You're in a car that's out of control, or seems out of control, because it's going somewhere you really don't want to be. The car is headed for Panera Bread, where you're meeting an old friend who you're no longer very good friends with. You're both past the point of acknowledging the elephant in the booth, so you'll there in awkward silence that really accentuates how stylish and metropolitan Panera Bread's atmosphere is. You want to turn the car around, but if you don't eat dinner with your friend, she or he will think you don't want to be friends anymore. Which you don't, except your car is filled with Panera Bread receipts of previous meals you've eaten with your friend, and if you end the friendship it'll feel like you've murdered those receipts, somehow. So you keep driving and turn up NPR to drown out your weeping.


You're lying in bed and there's a spider crawling toward you. You try to want to move, but catatonic depression has destroyed your volition. The spider reaches the foot of your bed, but instead of crawling on you it turns around, avoiding you like everyone else does.

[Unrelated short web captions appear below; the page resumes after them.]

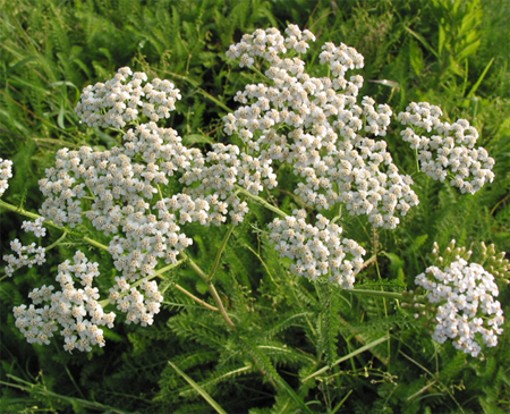 Image -- Yarrow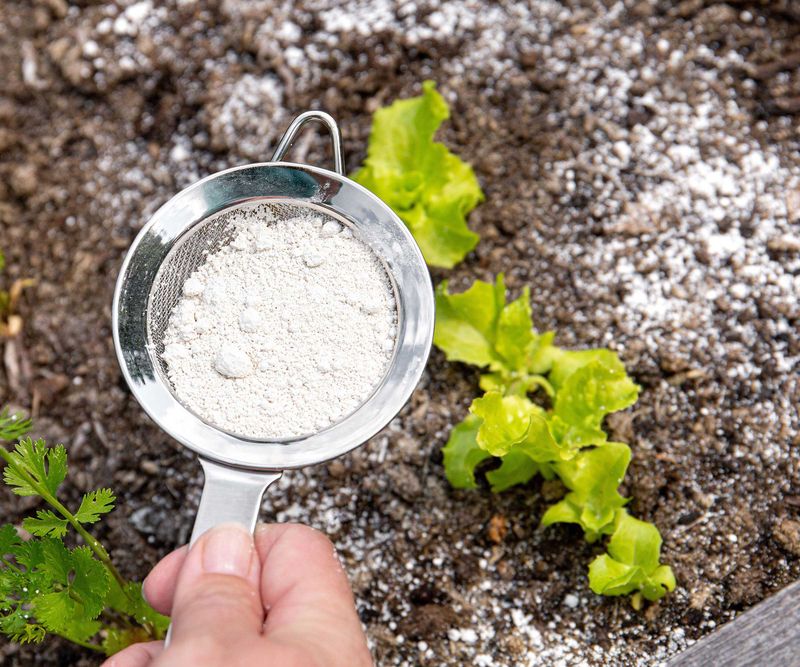 Diatomaceous Earth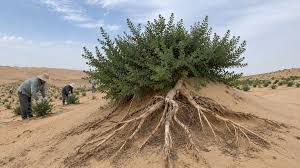 Jogada de mestre da China: planta capaz de rebrotar mesmo soterrada pela areia ajuda a recuperar mais de 7.300 hectares do deserto com 5 milhões de mudas, raízes acima de 10 metros e chuva inferior a 150 mm por ano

You're naked in public, or at least feel naked, because you aren't wearing your lip rings. You feel naked without them, because your cashier job, where you're at now, doesn't let you wear them. You want to explain your subjective nudity to the customers, but you're too busy tonguing at your lip holes so they don't seal themselves shut. Plus you doubt anyone would care, since they've all got problems of their own. For the first time, you realize the universality of suffering, and that pain, rather than making you unique, makes you more like everyone else. In light of this, your piercings and black lipstick and bar code tattoo seem rather trite. Out of curiosity, you scan the tattoo with the hand scanner. The cash register tries to print something, but it's out of paper. Later on, you're glad you didn't see whatever it would've printed.


You're being chased by something. But it's an abstract something made of pain and fear and laughter, images of empty tables and twin-sized beds and messageless answering machines, and the knowledge that humans too are machines, except easier to replace. The only way you can flee this something is by sitting in your bedroom watching Yo! MTV Raps and filling your brain with substances until it's a dopamine cistern. And not looking out the window. Sometimes you wonder if the thing you're running from has already caught you and what you're really running from is the awareness of being caught. You approach the window, hear a bunch of kids partying, and a Run DMC song. You pull down the shade.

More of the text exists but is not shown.